• [Provided records]
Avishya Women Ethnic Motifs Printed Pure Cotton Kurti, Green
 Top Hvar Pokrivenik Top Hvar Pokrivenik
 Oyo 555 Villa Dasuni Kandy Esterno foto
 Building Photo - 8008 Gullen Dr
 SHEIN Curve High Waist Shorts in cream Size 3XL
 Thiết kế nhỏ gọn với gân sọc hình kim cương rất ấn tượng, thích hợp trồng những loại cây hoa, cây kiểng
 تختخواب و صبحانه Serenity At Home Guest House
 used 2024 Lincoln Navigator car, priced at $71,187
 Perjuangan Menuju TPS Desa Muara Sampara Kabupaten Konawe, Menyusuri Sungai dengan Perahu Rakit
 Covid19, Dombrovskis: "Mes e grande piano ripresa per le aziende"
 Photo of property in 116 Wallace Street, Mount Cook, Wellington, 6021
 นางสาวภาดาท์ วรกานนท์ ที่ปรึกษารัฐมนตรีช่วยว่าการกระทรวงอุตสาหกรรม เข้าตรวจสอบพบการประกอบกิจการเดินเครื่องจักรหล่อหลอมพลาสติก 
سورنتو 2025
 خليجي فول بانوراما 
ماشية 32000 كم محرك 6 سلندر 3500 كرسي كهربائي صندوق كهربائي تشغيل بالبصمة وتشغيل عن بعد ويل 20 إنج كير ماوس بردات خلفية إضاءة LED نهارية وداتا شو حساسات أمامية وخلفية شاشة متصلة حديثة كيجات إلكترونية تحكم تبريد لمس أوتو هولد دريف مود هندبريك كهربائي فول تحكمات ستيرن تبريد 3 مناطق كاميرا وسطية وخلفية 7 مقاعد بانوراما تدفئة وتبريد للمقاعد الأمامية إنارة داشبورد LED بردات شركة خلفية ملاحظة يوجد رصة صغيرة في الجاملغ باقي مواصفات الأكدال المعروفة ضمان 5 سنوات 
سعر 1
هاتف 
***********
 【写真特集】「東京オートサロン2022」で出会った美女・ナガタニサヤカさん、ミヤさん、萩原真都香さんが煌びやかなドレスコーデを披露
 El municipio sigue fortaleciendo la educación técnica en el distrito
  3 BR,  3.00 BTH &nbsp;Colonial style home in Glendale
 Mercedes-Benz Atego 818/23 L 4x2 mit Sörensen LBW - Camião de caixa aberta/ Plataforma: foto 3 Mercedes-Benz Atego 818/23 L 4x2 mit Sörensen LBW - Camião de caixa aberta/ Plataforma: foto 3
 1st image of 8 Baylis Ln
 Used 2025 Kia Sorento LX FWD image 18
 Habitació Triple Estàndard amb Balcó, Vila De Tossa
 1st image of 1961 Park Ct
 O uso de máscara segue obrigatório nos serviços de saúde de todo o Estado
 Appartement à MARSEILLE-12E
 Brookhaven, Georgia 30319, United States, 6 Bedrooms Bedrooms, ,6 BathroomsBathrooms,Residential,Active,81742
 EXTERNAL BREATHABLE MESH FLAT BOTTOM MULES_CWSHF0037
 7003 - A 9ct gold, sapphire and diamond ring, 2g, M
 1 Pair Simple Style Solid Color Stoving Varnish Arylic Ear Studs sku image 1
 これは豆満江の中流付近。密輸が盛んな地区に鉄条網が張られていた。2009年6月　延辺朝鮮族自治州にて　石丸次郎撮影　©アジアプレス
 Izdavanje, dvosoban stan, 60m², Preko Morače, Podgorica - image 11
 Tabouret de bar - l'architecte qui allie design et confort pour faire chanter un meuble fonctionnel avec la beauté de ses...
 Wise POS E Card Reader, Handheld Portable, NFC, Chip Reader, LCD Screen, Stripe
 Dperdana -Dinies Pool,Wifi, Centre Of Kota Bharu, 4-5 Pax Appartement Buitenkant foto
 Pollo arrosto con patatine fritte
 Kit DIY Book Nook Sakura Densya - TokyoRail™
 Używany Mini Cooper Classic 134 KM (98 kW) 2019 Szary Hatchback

• [Exercise description] The answer must be the full listing, restated word for word.

• [Your response]
Avishya Women Ethnic Motifs Printed Pure Cotton Kurti, Green
 Top Hvar Pokrivenik Top Hvar Pokrivenik
 Oyo 555 Villa Dasuni Kandy Esterno foto
 Building Photo - 8008 Gullen Dr
 SHEIN Curve High Waist Shorts in cream Size 3XL
 Thiết kế nhỏ gọn với gân sọc hình kim cương rất ấn tượng, thích hợp trồng những loại cây hoa, cây kiểng
 تختخواب و صبحانه Serenity At Home Guest House
 used 2024 Lincoln Navigator car, priced at $71,187
 Perjuangan Menuju TPS Desa Muara Sampara Kabupaten Konawe, Menyusuri Sungai dengan Perahu Rakit
 Covid19, Dombrovskis: "Mes e grande piano ripresa per le aziende"
 Photo of property in 116 Wallace Street, Mount Cook, Wellington, 6021
 นางสาวภาดาท์ วรกานนท์ ที่ปรึกษารัฐมนตรีช่วยว่าการกระทรวงอุตสาหกรรม เข้าตรวจสอบพบการประกอบกิจการเดินเครื่องจักรหล่อหลอมพลาสติก 
سورنتو 2025
 خليجي فول بانوراما 
ماشية 32000 كم محرك 6 سلندر 3500 كرسي كهربائي صندوق كهربائي تشغيل بالبصمة وتشغيل عن بعد ويل 20 إنج كير ماوس بردات خلفية إضاءة LED نهارية وداتا شو حساسات أمامية وخلفية شاشة متصلة حديثة كيجات إلكترونية تحكم تبريد لمس أوتو هولد دريف مود هندبريك كهربائي فول تحكمات ستيرن تبريد 3 مناطق كاميرا وسطية وخلفية 7 مقاعد بانوراما تدفئة وتبريد للمقاعد الأمامية إنارة داشبورد LED بردات شركة خلفية ملاحظة يوجد رصة صغيرة في الجاملغ باقي مواصفات الأكدال المعروفة ضمان 5 سنوات 
سعر 1
هاتف 
***********
 【写真特集】「東京オートサロン2022」で出会った美女・ナガタニサヤカさん、ミヤさん、萩原真都香さんが煌びやかなドレスコーデを披露
 El municipio sigue fortaleciendo la educación técnica en el distrito
  3 BR,  3.00 BTH &nbsp;Colonial style home in Glendale
 Mercedes-Benz Atego 818/23 L 4x2 mit Sörensen LBW - Camião de caixa aberta/ Plataforma: foto 3 Mercedes-Benz Atego 818/23 L 4x2 mit Sörensen LBW - Camião de caixa aberta/ Plataforma: foto 3
 1st image of 8 Baylis Ln
 Used 2025 Kia Sorento LX FWD image 18
 Habitació Triple Estàndard amb Balcó, Vila De Tossa
 1st image of 1961 Park Ct
 O uso de máscara segue obrigatório nos serviços de saúde de todo o Estado
 Appartement à MARSEILLE-12E
 Brookhaven, Georgia 30319, United States, 6 Bedrooms Bedrooms, ,6 BathroomsBathrooms,Residential,Active,81742
 EXTERNAL BREATHABLE MESH FLAT BOTTOM MULES_CWSHF0037
 7003 - A 9ct gold, sapphire and diamond ring, 2g, M
 1 Pair Simple Style Solid Color Stoving Varnish Arylic Ear Studs sku image 1
 これは豆満江の中流付近。密輸が盛んな地区に鉄条網が張られていた。2009年6月　延辺朝鮮族自治州にて　石丸次郎撮影　©アジアプレス
 Izdavanje, dvosoban stan, 60m², Preko Morače, Podgorica - image 11
 Tabouret de bar - l'architecte qui allie design et confort pour faire chanter un meuble fonctionnel avec la beauté de ses...
 Wise POS E Card Reader, Handheld Portable, NFC, Chip Reader, LCD Screen, Stripe
 Dperdana -Dinies Pool,Wifi, Centre Of Kota Bharu, 4-5 Pax Appartement Buitenkant foto
 Pollo arrosto con patatine fritte
 Kit DIY Book Nook Sakura Densya - TokyoRail™
 Używany Mini Cooper Classic 134 KM (98 kW) 2019 Szary Hatchback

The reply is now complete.